De vez en cuando, como si de un recordatorio anual se tratara, el Papa saca a ventilar la cuestión de los homosexuales engendrando tras de sí un alud inmediato de reacciones anticlericales, por más que en esta ocasión no haya dicho nada que no supiéramos ya. Francisco sabe que con la rara excepción de cuatro cristofrikis entre los cuales, ¡ay de mí!, me hallo, a nadie le importa lo más mínimo su opinión, mucho menos a los homosexuales, por supuesto. En realidad, esta última embestida hubiera pasado, como todas las anteriores, sin pena ni gloria si no fuera por el detalle que el Papa se ha visto obligado a matizar sus palabras en una carta redactada a mano y dirigida al padre James Martin. En los últimos años, este sacerdote americano, que es jesuita, por si alguien lo dudaba, ha contribuido a tender puentes entre la comunidad LGTB y la Iglesia con acercamientos ciertamente peculiares y controvertidos, pero cargados de buena fe. Al menos, a diferencia del mentecato de Ariño, del que un día hablaremos, el padre Martin cuenta con algunas reflexiones interesantes.

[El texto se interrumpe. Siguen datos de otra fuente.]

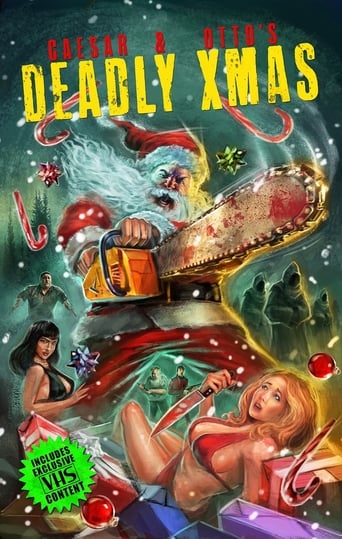 Caesar and Otto's Deadly Xmas - Movie Poster Caesar and Otto's Deadly Xmas - Movie Poster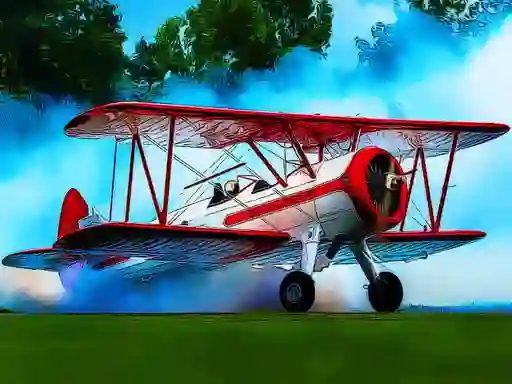Hra Planes puzzle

Por fortuna el talante de Francisco dista mucho de sus dos antecesores, a los que ni hartos de vino se les hubiera ocurrido puntualizar una cuestión como esta, véase la infausta carta pastoral que (San) Juan Pablo II y Benedicto XVI escribieron mano a mano sobre la atención a las personas homosexuales[1], y, en este sentido, ha logrado matizar sus declaraciones para la Associated Press. Aunque el gesto se agradece, francamente la rectificación resulta inservible y no contribuye a solucionar nada, pues se limita a ampliar la respuesta que ya dio en su entrevista. Según le refiere a Martin en su carta, donde Francisco dijo «la homosexualidad es pecado», debió decir en realidad «la homosexualidad es pecado como cualquier otro acto sexual fuera del matrimonio». Casi nada, una ligera omisión. El gozo de los tradis en un pozo.  

Con todo, el Papa sigue sin explicar por qué un joven homosexual debería aguardar el resto de sus días en la soledad del celibato mientras que su amigo heterosexual puede casarse con el amor de su vida por el mero hecho de que la Iglesia considere su conducta como no desviada. No entramos aquí en la cuestión de si los homosexuales deberían casarse por la Iglesia, yo creo que no, no es necesario, sino de algo más sencillo como lo es la unión y la convivencia de dos personas del mismo sexo. ¿Debe un homosexual quedarse soltero porque la Iglesia sea incapaz de modificar su antropología teológica? Este es en realidad el quid que ni Francisco, en la recta final de su papado, ni su sucesor, desde luego mucho más conservador y sino al tiempo, van a enfrentar. Entre tanto, los institutos de vida y teología del cuerpo continuarán pontificando sobre el varón y la hembra y soslayando a los homosexuales a los que, según dicen, respetan mucho, pero aprecian poco o nada.